Individual performance readings of this test seem to shine a light on the imperfections of the testing strategy but I think as a whole it tells a very convincing story.

It seems that for just about any size integer array, the native code is either significantly faster or just about breaking even. We’ve gone over what might be slowing it down at the small end (extra array copy & JNI transition cost). But, why does performance also seem to drop at the large end? There are a couple of things we need to investigate first. For starters, why was is C faster at all?

To answer that, we’ll dive into some assembly!

// Simplified C Code
int sumC(int* body, int size){
  int sum = 0;
  for(int i = 0; i < size; i++) {
    sum += body[i];
  }
  return sum;
}

// ARM Assembly generated with Clang 17.0.1 (-O3)
.LBB0_5: // loop jump label

// ldp = load a pair of registers
// q2, q3 = into two quadword (128-bit) registers q2 & q3
// from the address in register x8 minus 16
ldp q2, q3, [x8, #-16]

// add 32 bytes (128-bit times two) to address register x8
add x8, x8, #32

// subtract 8 from loop array index stored in register x11
subs x11, x11, #8

// add register values in v2.4s and v0.4s and store in v0.4s
// where v2.4s is our loaded quad word register q2 interpreted
// as 4 signed 32-bit numbers. And v0.4s is a running sum.
add v0.4s, v2.4s, v0.4s

// [see comments above]
add v1.4s, v3.4s, v1.4s

// branch to beginning of loop if subs didn’t produce 0
b.ne 

// add rolling sum register v1.4s into rolling sum v0.4s
add v0.4s, v1.4s, v0.4s

// fold by adding rolling sum quadword into single 32-bit register s0
addv s0, v0.4s

… // individually add remaining values, if array was not divisible by 8

You can check it out yourself in Compiler Explorer (Godbolt) too!
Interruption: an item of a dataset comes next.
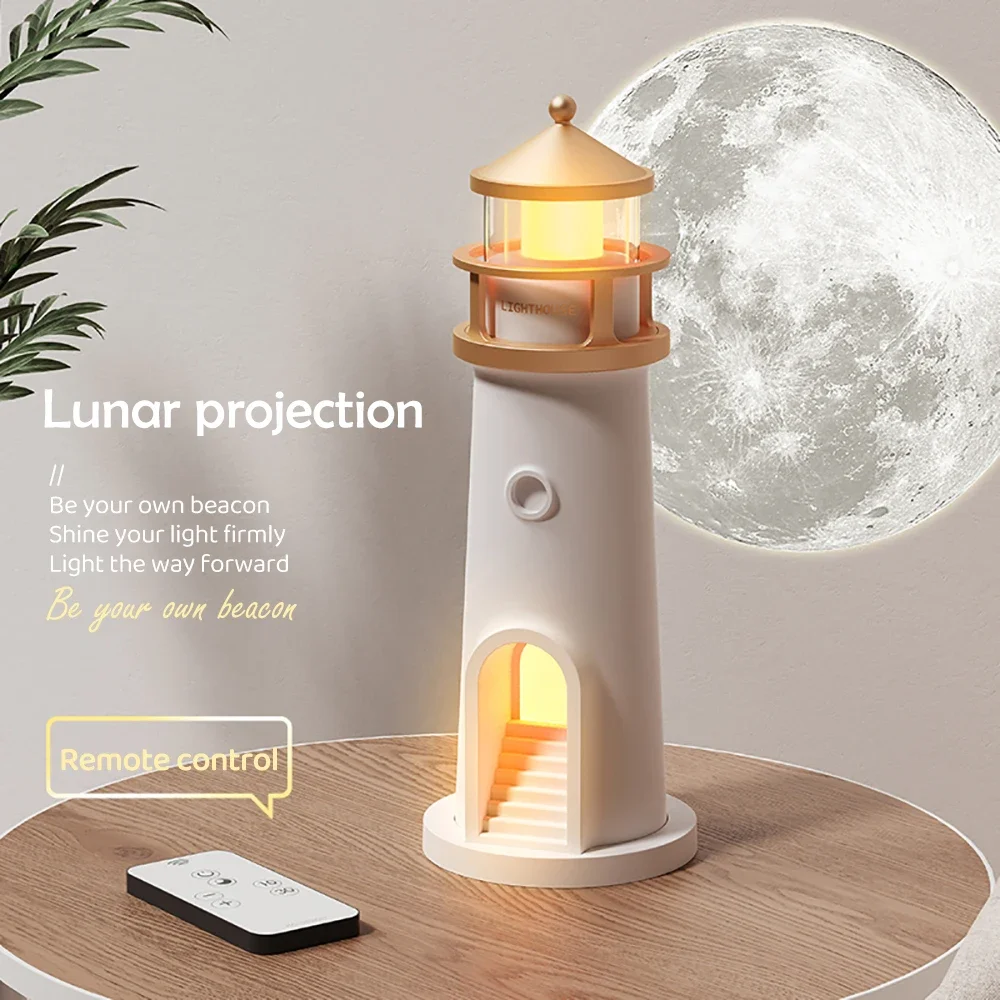Moon Projection Lighthouse Night Lights Motion Sensor Dimmable Timing Ambient Night Lamp Bluetooth Music Christmas Moon Projection Lighthouse Night Lights Motion Sensor Dimmable Timing Ambient Night Lamp Bluetooth Music Christmas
In summary, the assembly code above is performing vector additions of 8 values per loop iteration as opposed to just the one addition that was originally written. This is the reason performance skyrockets so quickly for compiled C in this summation test.

So, if C is capable of performing 8 additions per loop iteration, how does Kotlin ever catch up?

SIMD Waiting on the D

The iterative performance tests tend to set the cache in a favorable state for that which is being tested. For example, if a test calculates the sum of one thousand numbers for the first time, the data backing the array might not be cached or it might be in a slower cache or it could be in a mix of the two. But if that data is immediately used after to calculate the sum again, those numbers will almost surely be primed and ready in the fastest cache available to the CPU core running the test. But that isn’t true for any quantity of data.

Once the amount of integers, or the size of the backing data, reaches a certain threshold it can no longer fit in the fastest cache available to the core. As the amount gets larger, eventually the data doesn’t fit in even the slowest cache and can only be fetched from main memory (RAM). As far as I know, this is valid for any system aside from maybe an embedded system in an automatic cat feeder. (However, there is a uniqueness to how Android handles memory too large for even the system’s RAM. You can read more about zRAM, memory-mapped, and memory strategies used in the Android developers documentation here.)

So another thing to ask is what are the cache thresholds and how do they compare to the size of our integer arrays?

For simplicity, let’s only analyze the cache sizes of the Samsung Galaxy S10+ and its Snapdragon 855’s CPU cores.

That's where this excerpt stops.